Taipei (AFP) – Depuis plusieurs mois, le Sud de Taïwan est confronté à une importante vague de sécheresse, affectant les forêts de bambou de l’île et le mode de vie des communautés autochtones, particulièrement tournées vers la culture de cette plante.
Voilà des générations que la communauté des Tsou vit des forêts de bambou d’Alishan, une région située dans le sud de Taïwan, dont les premières pousses sont habituellement récoltées à partir d’avril et mai.
Mais la « météo s’est vraiment déréglée ces dernières années », explique à l’AFP Avayi Vayayana, âgé de 62 ans, chef de la communauté des Tsou. « Les pluies ont été retardées et la croissance des pousses de bambou s’en trouve très affectée ».
Depuis fin 2022, aucune pluie abondante n’est tombée sur cette partie de l’île, avec des conséquences dramatiques pour la culture locale des bambous. Lesquels, ne sortant pas de terre par manque de pluie, deviennent de plus en plus difficiles à repérer.
« Les jeunes pousses ne germeront pas s’il ne pleut pas », explique Avayi Vayayana. « Au bout d’un certain temps, elles mourront ainsi dans le sol ».
Conséquence? La dernière récolte de pousses de bambou de la communauté des Tsou, qui recense 7.000 habitants à travers la région d’Alishan, a drastiquement baissé cette année.
Celle de Avayi Vayayana a par exemple diminué de deux tiers par rapport à 2022.
A la sécheresse s’ajoutent également les singes qui s’attaquent désormais aux récoltes de bambous, malgré tous les efforts de la famille d’Avayi Vayayana pour les chasser.
« Comme de nombreuses forêts de bambou des environs sont mortes, les singes vont là où il y a des pousses de bambou », souligne-t-il.
« En première ligne »
Le Sud de Taïwan subit la pire vague de sécheresse depuis des décennies.
Le niveau du réservoir Tsengwen, qui alimente les provinces de Taina et de Chiayi, dans le Sud-Ouest de Taïwan, a diminué de 10% cette année, soit la troisième baisse de ce type depuis 2018.
Ce réservoir, le plus important de l’île, alimente en eau une colossale fonderie, fabriquant les précieux semi-conducteurs taïwanais, mais approvisionne également les plaines rizicoles de la région.
Signe que les besoins en eau sont importants, les agriculteurs de cette partie de l’île se sont ainsi vu proposer des subventions par l’Etat pour qu’ils ne plantent pas leur culture.
Dans la région d’Alishan, située à une heure de route du réservoir, seulement 226,5 millimètres de pluie sont tombés de janvier à avril, soit moitié moins que l’an dernier sur la même période, selon le Bureau central de météorologie de Taïwan.
Pour la communauté des Tsou, dont le mode de vie est étroitement lié aux ressources naturelles, l’impact est « total », estime Lena Chang, de l’ONG Greenpeace à Taïwan.
« Ils sont en première ligne face au changement climatique », insiste-t-elle.
Dans le village autochtone de T’fuya, situé dans la région d’Alishan, des habitants vident leurs sacs de pousses de bambou, puis les pèsent avant de les envoyer dans des fabriques pour êtres préparées et mises en conserve.
« Cette année, la pluie est arrivée trop tard et de nombreux bambous sont malades.
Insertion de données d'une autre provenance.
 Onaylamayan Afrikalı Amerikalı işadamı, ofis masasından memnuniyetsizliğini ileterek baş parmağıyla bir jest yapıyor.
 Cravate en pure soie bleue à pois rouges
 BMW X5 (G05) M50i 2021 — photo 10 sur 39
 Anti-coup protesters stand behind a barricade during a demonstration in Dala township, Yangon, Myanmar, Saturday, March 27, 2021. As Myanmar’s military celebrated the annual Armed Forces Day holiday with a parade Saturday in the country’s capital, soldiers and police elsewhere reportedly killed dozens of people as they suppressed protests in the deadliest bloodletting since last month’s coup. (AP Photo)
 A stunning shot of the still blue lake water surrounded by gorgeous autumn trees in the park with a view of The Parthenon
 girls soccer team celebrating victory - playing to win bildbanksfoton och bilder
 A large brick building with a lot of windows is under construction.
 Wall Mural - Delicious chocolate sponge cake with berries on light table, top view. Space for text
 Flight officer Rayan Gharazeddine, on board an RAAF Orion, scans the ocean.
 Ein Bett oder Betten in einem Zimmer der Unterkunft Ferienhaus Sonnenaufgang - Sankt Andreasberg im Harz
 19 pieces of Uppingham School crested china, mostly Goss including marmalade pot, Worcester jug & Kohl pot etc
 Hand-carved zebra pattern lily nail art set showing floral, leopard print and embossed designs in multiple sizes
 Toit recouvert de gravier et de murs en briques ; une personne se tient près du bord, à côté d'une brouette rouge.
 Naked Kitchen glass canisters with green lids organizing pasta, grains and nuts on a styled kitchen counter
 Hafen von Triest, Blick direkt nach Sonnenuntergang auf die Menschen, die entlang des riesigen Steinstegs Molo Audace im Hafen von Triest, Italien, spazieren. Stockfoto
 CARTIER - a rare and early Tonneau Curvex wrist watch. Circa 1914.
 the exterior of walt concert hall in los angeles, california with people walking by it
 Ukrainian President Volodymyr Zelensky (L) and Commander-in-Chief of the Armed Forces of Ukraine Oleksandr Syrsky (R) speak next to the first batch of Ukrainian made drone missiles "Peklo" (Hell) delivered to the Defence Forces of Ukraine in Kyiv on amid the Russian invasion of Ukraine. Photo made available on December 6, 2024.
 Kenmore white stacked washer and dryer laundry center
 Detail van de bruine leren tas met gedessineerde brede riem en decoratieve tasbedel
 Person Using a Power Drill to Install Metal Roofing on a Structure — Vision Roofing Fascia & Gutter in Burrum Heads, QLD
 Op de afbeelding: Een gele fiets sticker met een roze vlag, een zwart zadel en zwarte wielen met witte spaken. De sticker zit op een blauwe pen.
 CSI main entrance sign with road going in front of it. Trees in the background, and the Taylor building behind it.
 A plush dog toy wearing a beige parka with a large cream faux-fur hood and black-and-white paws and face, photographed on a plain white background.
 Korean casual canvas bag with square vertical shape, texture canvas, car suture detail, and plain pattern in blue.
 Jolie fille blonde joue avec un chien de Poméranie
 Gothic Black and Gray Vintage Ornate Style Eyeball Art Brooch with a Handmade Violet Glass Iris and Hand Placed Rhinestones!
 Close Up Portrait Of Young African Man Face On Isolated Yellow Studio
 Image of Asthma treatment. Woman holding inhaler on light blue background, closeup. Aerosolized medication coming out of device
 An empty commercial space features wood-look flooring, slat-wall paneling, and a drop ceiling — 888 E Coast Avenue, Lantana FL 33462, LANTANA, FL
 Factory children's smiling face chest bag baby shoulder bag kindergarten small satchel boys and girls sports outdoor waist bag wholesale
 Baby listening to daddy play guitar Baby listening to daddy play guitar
La récolte est très mauvaise », explique Voyu Baniana, âgé de 24 ans.
– La culture de café comme substitut –
Ceux qui sont retournés dans leur village, après être un temps partis pour travailler en ville, estiment qu’il est de plus en plus difficile de vivre de la culture du bambou.
Voyo Yulunana, 43 ans, se souvient encore des longues journées qu’il passait, enfant, à récolter des pousses, denrées essentielles de l’économie locale.
« Pour acheter une voiture ou construire une maison, nous comptions sur le bambou », dit-il.
Après avoir brièvement travaillé en ville dans le secteur de la construction, Voyo Yulunana a constaté que « les pluies ne viennent jamais lorsqu’elles le devraient ».
Par chance, son grand-père s’est converti à la culture du café, vers laquelle se sont aussi tournés de nombreux jeunes Tsou ces dix dernières années.
« Le café remplace peu à peu les pousses de bambou au rang de culture commerciale » dans la région, observe-t-il.
Mais la culture de café n’est pas, elle non plus, à l’abri des changements liés au dérèglement climatique. L’an dernier, une météo très irrégulière a ravagé la récolte de la famille de Voyo Yulunana et leurs 400 caféiers.
« Aujourd’hui, je peux m’en tirer en cultivant seulement du café », confie-t-il, ajoutant toutefois: « qui sait quelles nouvelles cultures remplaceront celle du café? ».